En España conocemos el otro modelo; el de la no participación. Durante los últimos decenios, el Estado y las Comunidades Autónomas han actuado de espaldas entre sí, intentando expandir cada uno su espacio competencial y sin apenas acuerdos sino continuos conflictos. Así, en el ejercicio de las competencias compartidas, el Estado puede sorprender a las comunidades con modificaciones legislativas que convierten en inconstitucionales las normas dictadas en asistencia social, sanidad y educación; o la designación de los integrantes de órganos constitucionales, la aprobación de la financiación autonómica o la reforma constitucional se pueden producir sin intervención de las comunidades autónomas. Todo ello ha producido un modelo esencialmente conflictivo.

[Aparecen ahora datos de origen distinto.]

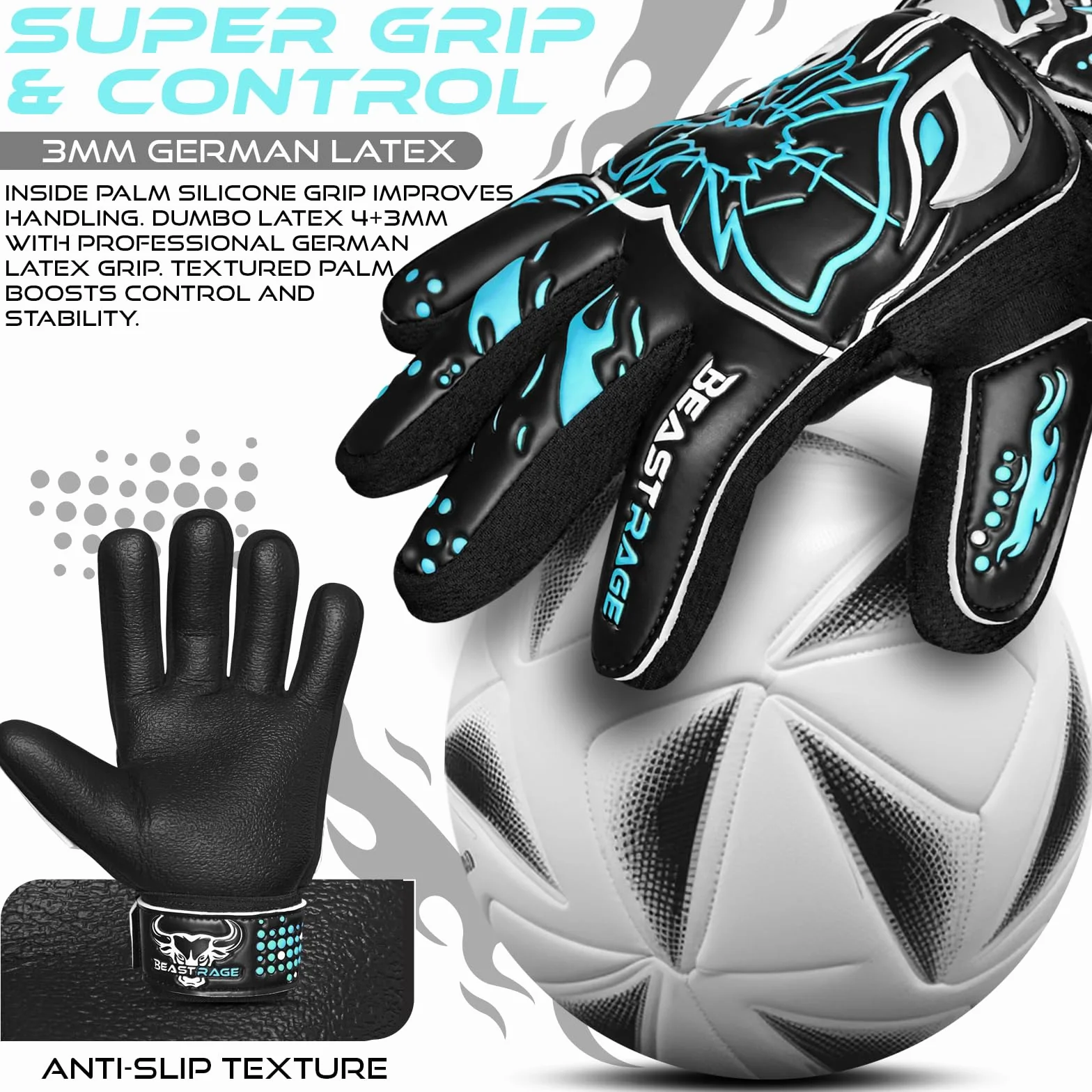 BEAST RAGE Guantes de Portero para niños-látex alemán Antideslizante Premium 3 mm + 4 mm Palma laminada,Retroceso Ligero 3+4 mm,Correa de muñeca Ajustable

No resulta fácil calibrar hasta qué punto ha influido esto en la actual crisis territorial. Pero, sin duda, no ha ayudado a evitarla. La alternativa es la que ofrece un Senado territorial en el que se pueda producir el diálogo y el debate institucionalizado continuo entre el Estado y los territorios e incluso resulte necesario el acuerdo para adoptar un limitado número de decisiones que inciden directamente en los territorios. Es una forma de actuar que tiene, lógicamente, sus riesgos y contraindicaciones.

Es cierto que la búsqueda de acuerdos no es fácil, especialmente cuando no se obra con lealtad a un proyecto común sino aspirando a la segregación; es verdad que la actuación conjunta puede dificultar la exigencia de responsabilidad o incluso el bloqueo en algunas decisiones. Sin embargo, esa deslealtad es más fácil de expresar en una relación bilateral con el Estado que en un marco multilateral de relación; las reformas constitucionales han servido en Alemania para ajustar los problemas advertidos en el desarrollo del modelo y el hipotético bloqueo de las decisiones por falta de acuerdo tiene mucho de mito si consideramos que de todas las leyes tramitadas en el Bundesrat entre 2009 y 2013, solo en tres casos no se alcanzó el acuerdo.

Por lo tanto, no se trata de defender acríticamente un modelo foráneo sino de adaptar a nuestras necesidades una estructura rodada, que ha demostrado su eficacia precisamente en los aspectos que más han faltado a nuestro Estado autonómico: el diálogo y la voluntad de acuerdo.

José Antonio Montilla es catedrático de Derecho Constitucional de la Universidad de Granada. Autor del libro Reforma federal y Estatutos de segunda generación (2015).